1

Topic: Indexing is not unicode-safe

Hello, a wonderful engine and wonderful people here :-)

I installed punBB on my site. Did some little modifications to it as well (needed to integrate it into our own login system, but thanks to the advent of PostgreSQL this was a matter of making a view and a couple of triggers). The question follows.

I am storing my database in UTF-8. I used a russian localization and changed locale definitions there to ru_RU.UTF-8, after which I converted the localization files themselves into UTF-8. The board was working OK, but when creating a new message (or a new topic) with more than one word in it, the engine was giving me a "Cannot create search index" error (or the like), referencing to line 127 of search_idx.php

Currently I solved this problem by reinstalling russian language packs and hacking the DBDriver of PunBB th set the client encoding of the database connection accordingly. However, there is "one more thing" - alll of the output from the site goes into a UTF-8 encoded XSL template. If I will leave the forum engine in Win-1251 I am in for all kinds of problems when submitting forms (even if I will convert the forum data after with ob_get_contents()). I cannot use Win-1251 (most XML processors do not support it, and the main part of the site is anyways UTF-8 already).

The question follows - how can I modify the regex at line 127 so that it is multibyte-safe, or maybe it is possible to overload the regex engine with mbstring functions so that they can become multibyte-safe automatically?

Thanks in advance, and keep up the good work. PunBB certainly thrilled me :-)

I am running v. 1.1.5

Re: Indexing is not unicode-safe

Try replacing that line with this:

$result = $db->query('SELECT id, word FROM '.$db->prefix.'search_words WHERE word IN('.implode(',', preg_replace('#^(.*)$#u', '\'\1\'', $unique_words)).')') or error('Unable to fetch search index words', __FILE__, __LINE__, $db->error());

The only difference is the modifier u at the end.

"Programming is like sex: one mistake and you have to support it for the rest of your life."

3

Re: Indexing is not unicode-safe

Tried it, still a no go.

Here is what I get when I look at my PostgreSQL statement log (enabled it especially for the case). Please note that queries before this one are logged with proper letters I am using (russian UTF-8 in this case). What comes out of this regex certainly doesn't look healthy to me.

Aug 28 23:26:19 exile PostgresCluster[3218]: [16-1] LOG:  statement: SELECT id, word FROM punbb_search_words WHERE word IN('XX','XX')
Aug 28 23:26:19 exile PostgresCluster[3218]: [17-1] ERROR:  Unicode characters greater than or equal to 0x10000 are not supported

In place of XX I see 2 garbage characters of unknow origin. What is this query supposed to do actually? Sorry to be so anal, I am just wondering.
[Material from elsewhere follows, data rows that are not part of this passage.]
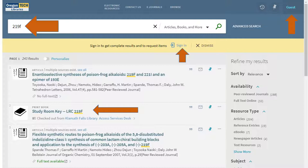Up here at the top, you can see what we've typed in. We have the option to sign in here and the option to sign in here. You won't be able to reserve a room until you've signed in, so go ahead and do that when you first get in the system. If you forget, once you click on the title of the room down here, it will give you another option to sign in.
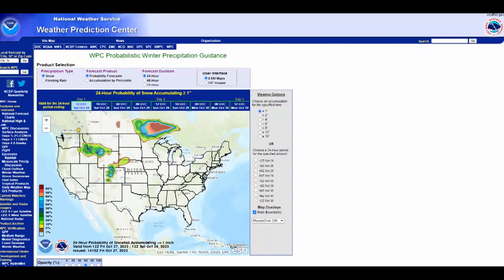The first thing we're going to do is check NOAA's probabilistic winter precipitation guidance chart to get a general overview of what may happen in terms of snow falling in the area that we're interested in, for up to 72 hours from now.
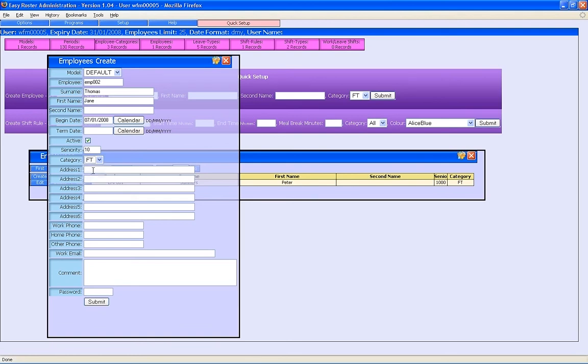Here are all the personal details: address, phone numbers, and so on. This password will be used for employee access when the employee needs to change their data online.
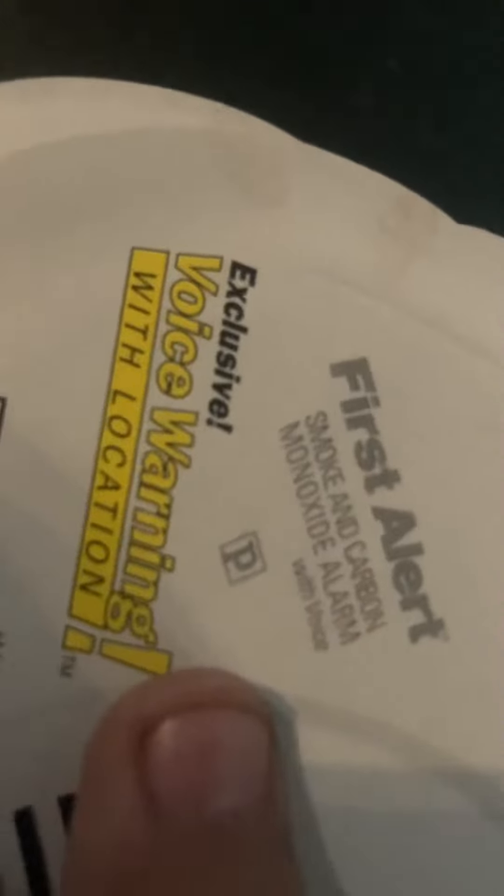Two silence features. And then here's the alarm and it uses voice location, voice warning with location.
Re: Indexing is not unicode-safe

Hmm, I'm sorry, but I have no idea what's going wrong. I have to confess I am far from an expert on localisation.

$unique_words contains a list of all the words in the post to be indexed. The select query then determines which of these words are already indexed so that it can insert only words that are new to the index.

Have you tried it with different browsers? I know it sounds silly, but I know IE handles "exotic" locales differently than e.g. Firefox.

"Programming is like sex: one mistake and you have to support it for the rest of your life."

5 (edited by Julik 2004-08-29 13:03)

Re: Indexing is not unicode-safe

I tried it with all good-mannered browsers I have (Firefox and Safari). Got this practice of developing for good user agents before anything even gets to IE.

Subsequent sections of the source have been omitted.